Evaluators Identify Promising Practices From the 2018-19 FAFSA Completion Challenge
Monday, March 9, 2020
Posted by: Sara Melnick, Deputy Director
ASA Research recently released their evaluation of NCAN's 2018-19 FAFSA Completion Challenge. The report, “Staking Their Claim: Promising Practices for Facilitating FAFSA Completion,” identifies essential conditions, promising practices, challenges, and recommendations for increasing Free Application for Federal Student Aid (FAFSA) completion, a major barrier to college access and attainment for students from low-income backgrounds. In addition to the full report, ASA released detailed case studies of five of the Challenge grantee sites. These case studies highlight hurdles each site encountered, along with some lessons learned.

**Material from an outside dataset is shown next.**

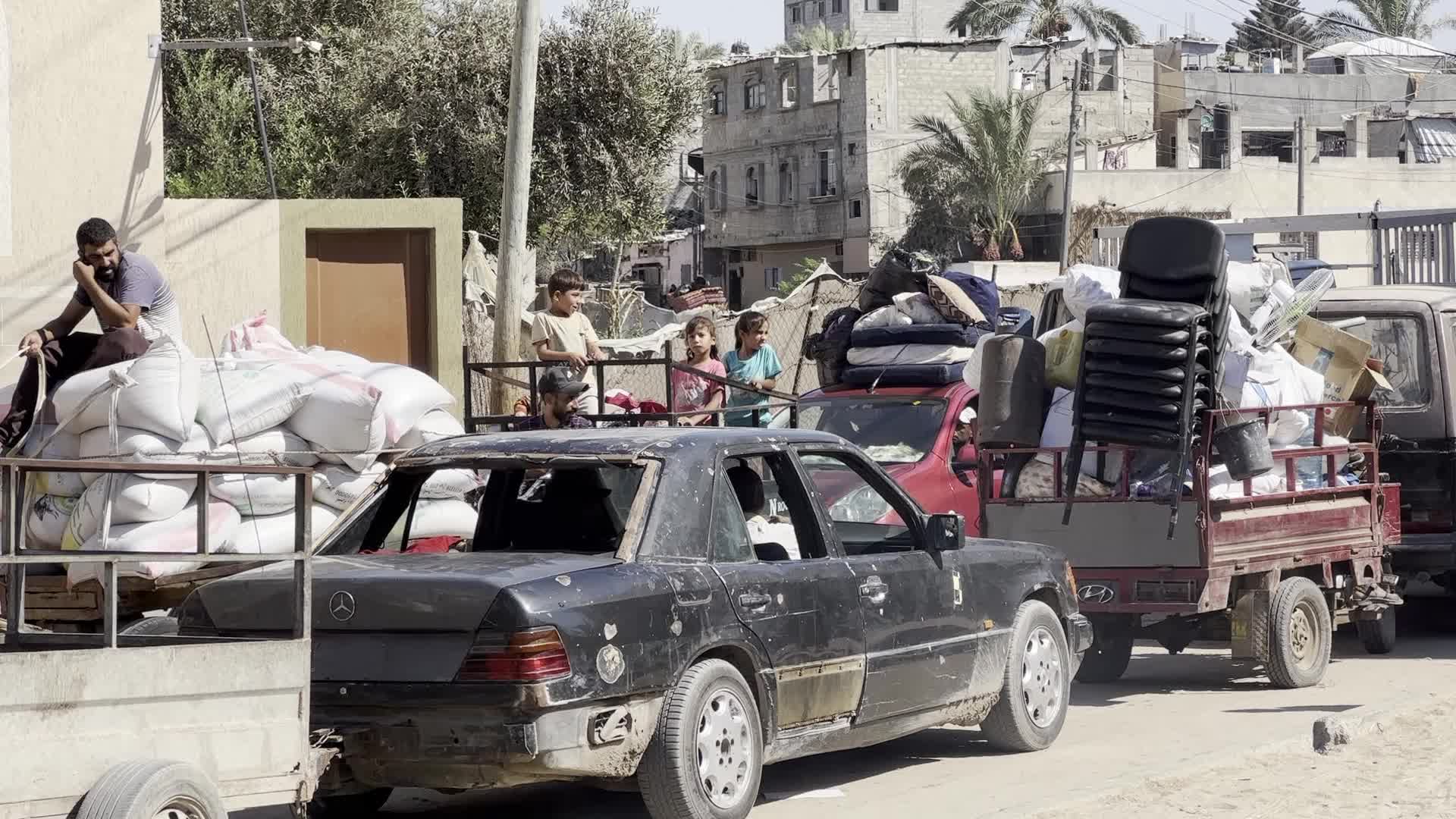 Palestinians Flee with Belongings in Deir el-Balah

This second NCAN FAFSA Completion Challenge, funded by the Kresge Foundation and Ascendium Education Group, awarded grants to 25 cities with lower-than-average FAFSA completion rates, with the charge to raise these rates by 5 percentage points for the high school graduating class of 2019 over that of the class of 2018. Using grant funds, several cities across the country – led by a mix of school districts, postsecondary institutions, community-based organizations, and foundations – improved completion rates with a combination of innovative approaches and long-proven tactics.

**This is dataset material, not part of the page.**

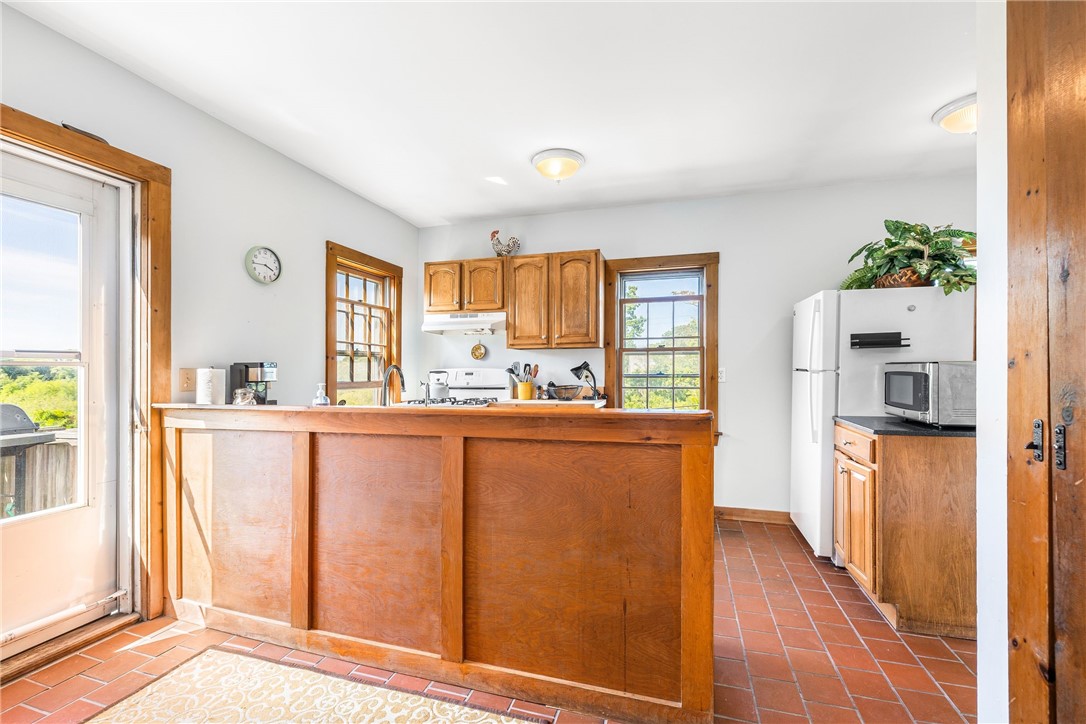 557 Center Road Block Island, RI 02807 - Photo 26 of 46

The essential conditions identified by ASA Research – conditions that need to be in place to successfully implement promising FAFSA completion strategies – include engaged leadership, trained FAFSA experts, a core planning committee, data to track student completions and target noncompleters, and ongoing assessment and adjustment of strategies.
The promising strategies include one-on-one assistance, peer and near-peer advisers, incentives for students and staff, districtwide competitions, and FAFSA completion campaigns.

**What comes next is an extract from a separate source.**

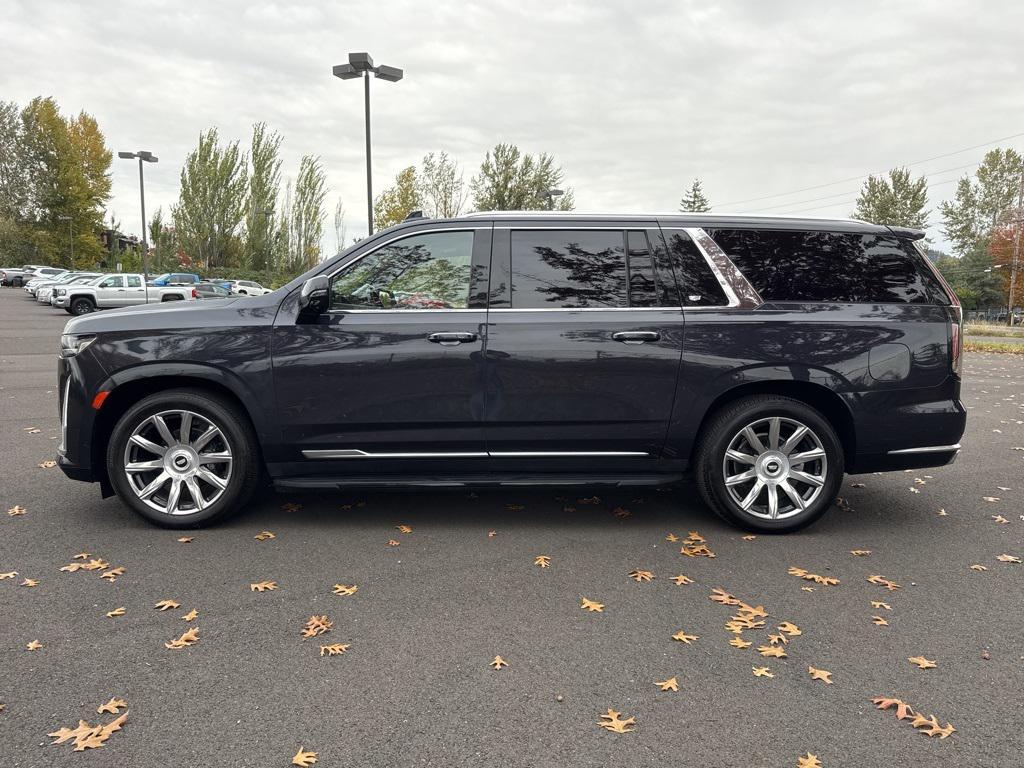 used 2022 Cadillac Escalade ESV car, priced at $63,267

The barriers to increasing FAFSA completion include parent/family engagement, local cultural and economic conditions, prevailing FAFSA myths and misperceptions, limited staff capacity, data access/use and matching, and FAFSA verification.
Policy and practice recommendations to help overcome the aforementioned barriers include early and targeted parent/family engagement/education and supporting students through the verification process.
Recommendations emerging from this evaluation emphasize the importance of local and school leaders embracing the importance of FAFSA completion and its connection to college degree attainment, social mobility, and the local economy. When local leaders make FAFSA completion a priority, the message that applying for financial aid is not only beneficial, but imperative reverberates throughout the school and college access staff working directly with students, and throughout the community.